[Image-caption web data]
---------------

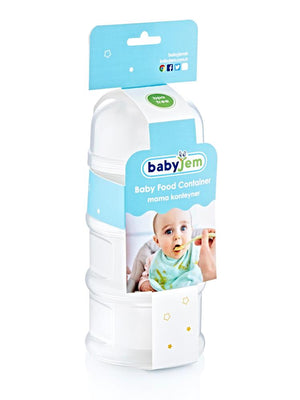 Baby Jem Katlı Toz Mama Kabı - Beyaz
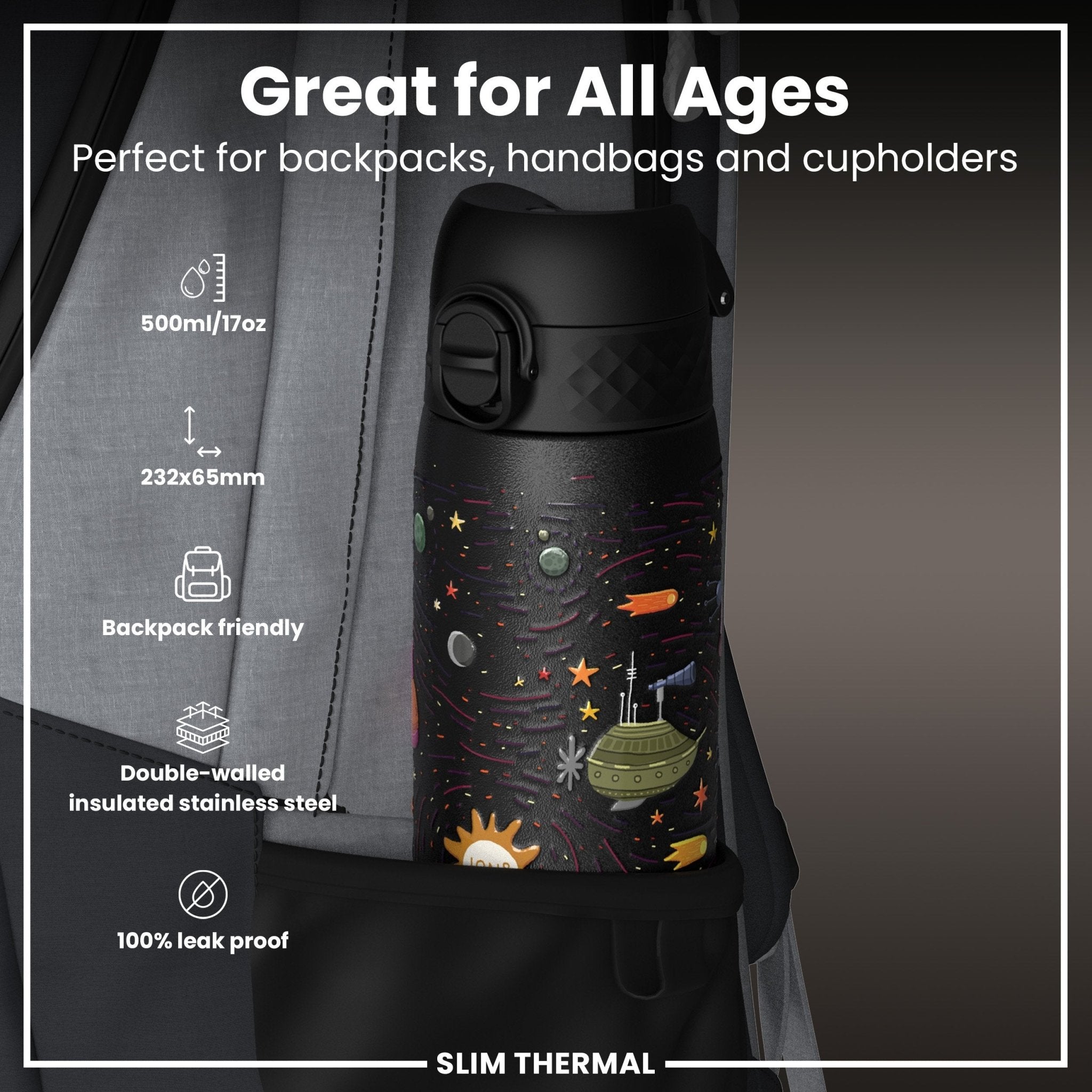 Ion8 leak-proof slim thermal water bottle with spaceship design, 500ml insulated steel water bottle for hot and cold drinks.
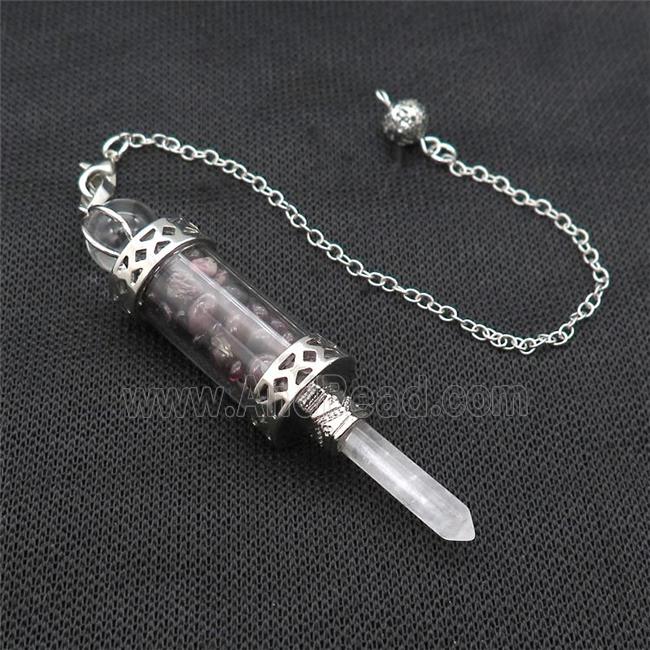 Garnet Chips Pendulum Pendant Crystal With Copper Chain Platinum Plated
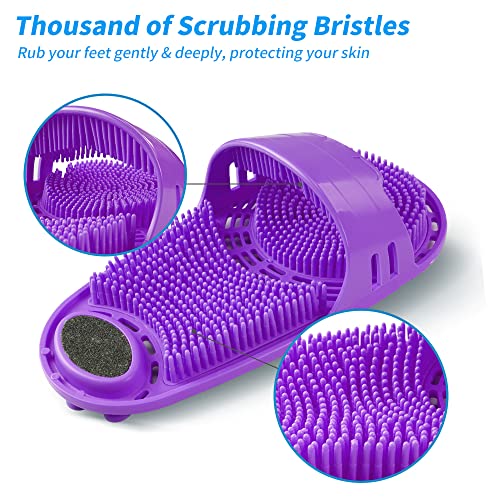 Silicone Foot Scrubber with Non-Slip Suction Cups - Violet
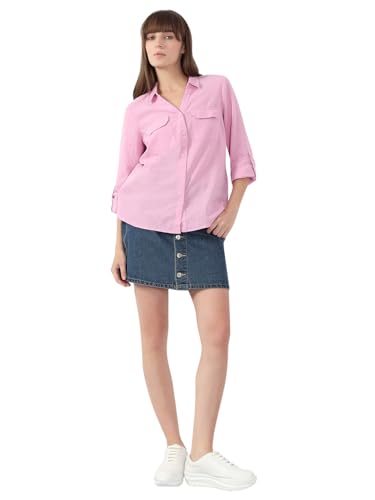 VERO MODA Women's Regular Fit Pink Shirt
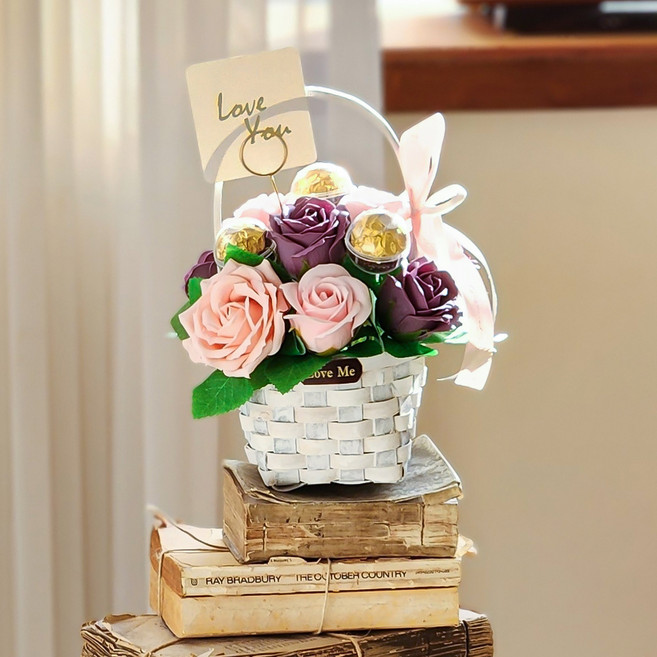 아스파시아 골드 키스 초콜릿 바구니, 블러쉬 로즈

---------------

▶ [EXERCISE OBJECTIVE]: Restate the entries word for word, though any image they contain should not appear.

▶ [THE ANSWER]:
 Baby Jem Katlı Toz Mama Kabı - Beyaz
 Ion8 leak-proof slim thermal water bottle with spaceship design, 500ml insulated steel water bottle for hot and cold drinks.
 Garnet Chips Pendulum Pendant Crystal With Copper Chain Platinum Plated
 Silicone Foot Scrubber with Non-Slip Suction Cups - Violet
 VERO MODA Women's Regular Fit Pink Shirt
 아스파시아 골드 키스 초콜릿 바구니, 블러쉬 로즈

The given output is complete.